## About this exercise:
Nothing but an exact copy is asked for: the lines in the material below from the one with "Italy - 10,000" through the one with "Anthropologie Anfisa Tunic", pictures excluded.

## Data supplied:
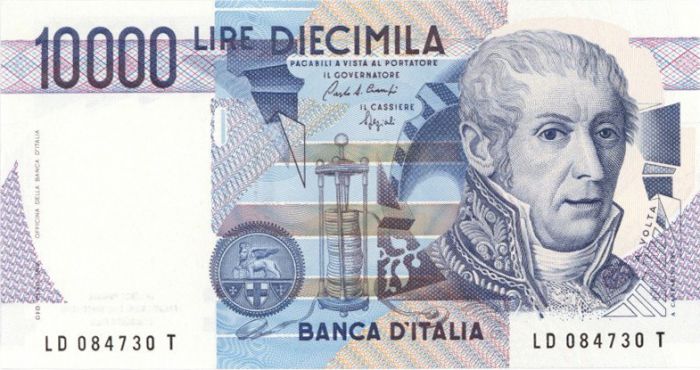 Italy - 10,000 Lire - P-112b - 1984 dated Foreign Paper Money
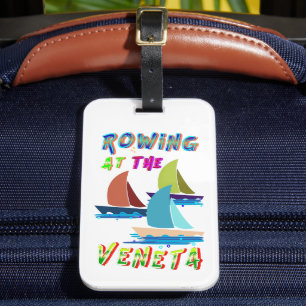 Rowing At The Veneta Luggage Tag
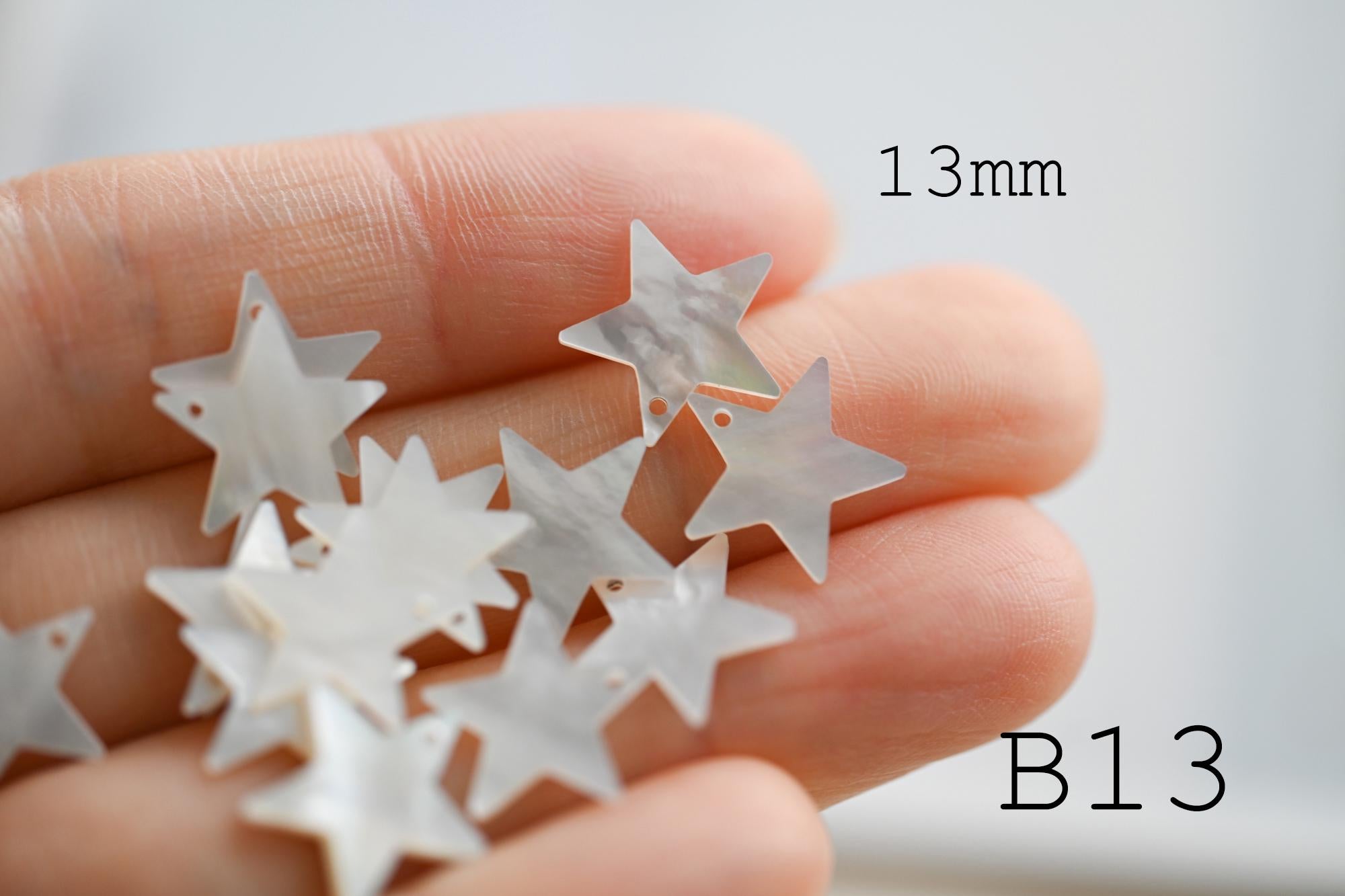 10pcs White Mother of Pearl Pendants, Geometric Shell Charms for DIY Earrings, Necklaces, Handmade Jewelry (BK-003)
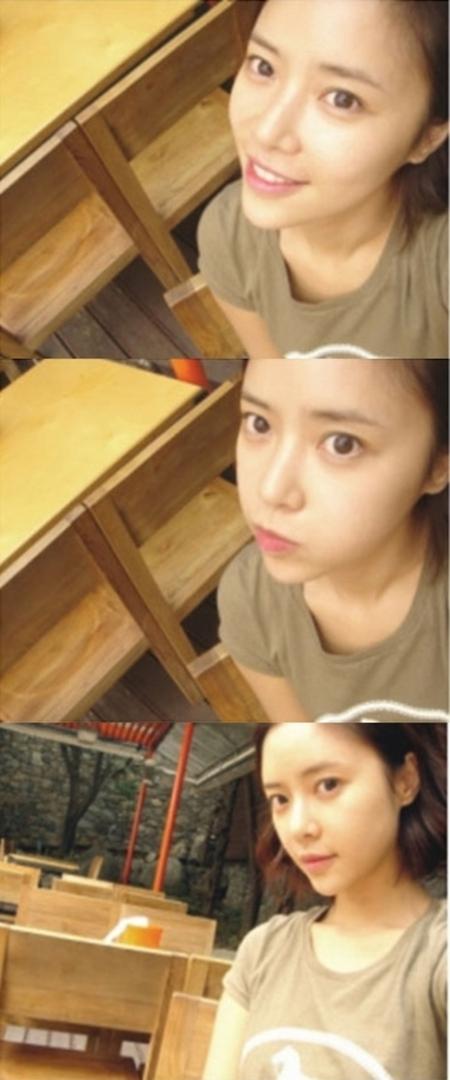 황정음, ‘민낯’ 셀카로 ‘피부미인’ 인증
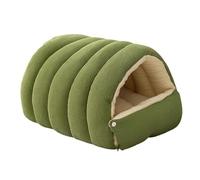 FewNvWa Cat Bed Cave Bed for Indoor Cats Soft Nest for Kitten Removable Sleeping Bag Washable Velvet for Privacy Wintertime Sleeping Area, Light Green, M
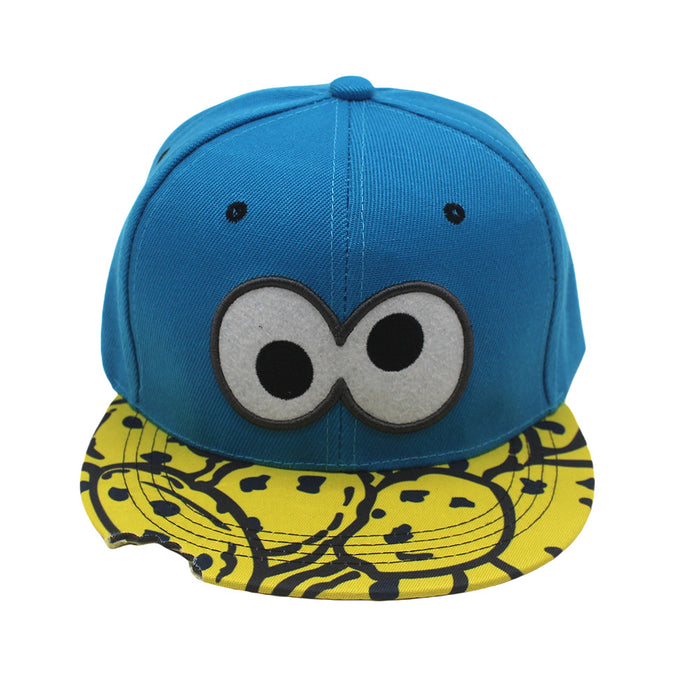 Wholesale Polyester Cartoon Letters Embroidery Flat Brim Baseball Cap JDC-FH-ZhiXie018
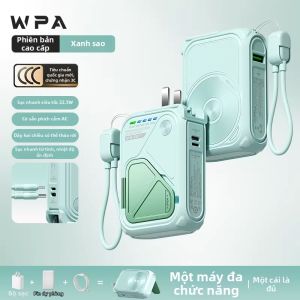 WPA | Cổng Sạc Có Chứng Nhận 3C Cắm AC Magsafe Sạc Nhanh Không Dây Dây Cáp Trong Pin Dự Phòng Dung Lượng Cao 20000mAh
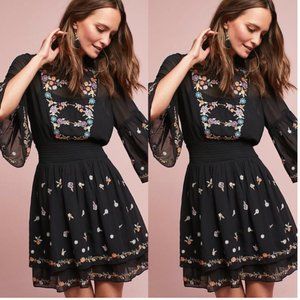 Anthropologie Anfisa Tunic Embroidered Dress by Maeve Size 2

--

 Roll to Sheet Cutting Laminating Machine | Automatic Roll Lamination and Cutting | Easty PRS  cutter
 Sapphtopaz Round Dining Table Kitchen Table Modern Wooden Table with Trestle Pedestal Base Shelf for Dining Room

* * *

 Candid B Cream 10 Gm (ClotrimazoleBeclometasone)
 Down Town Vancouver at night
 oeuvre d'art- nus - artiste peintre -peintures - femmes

## Output below:
 Italy - 10,000 Lire - P-112b - 1984 dated Foreign Paper Money
 Rowing At The Veneta Luggage Tag
 10pcs White Mother of Pearl Pendants, Geometric Shell Charms for DIY Earrings, Necklaces, Handmade Jewelry (BK-003)
 황정음, ‘민낯’ 셀카로 ‘피부미인’ 인증
 FewNvWa Cat Bed Cave Bed for Indoor Cats Soft Nest for Kitten Removable Sleeping Bag Washable Velvet for Privacy Wintertime Sleeping Area, Light Green, M
 Wholesale Polyester Cartoon Letters Embroidery Flat Brim Baseball Cap JDC-FH-ZhiXie018
 WPA | Cổng Sạc Có Chứng Nhận 3C Cắm AC Magsafe Sạc Nhanh Không Dây Dây Cáp Trong Pin Dự Phòng Dung Lượng Cao 20000mAh
 Anthropologie Anfisa Tunic Embroidered Dress by Maeve Size 2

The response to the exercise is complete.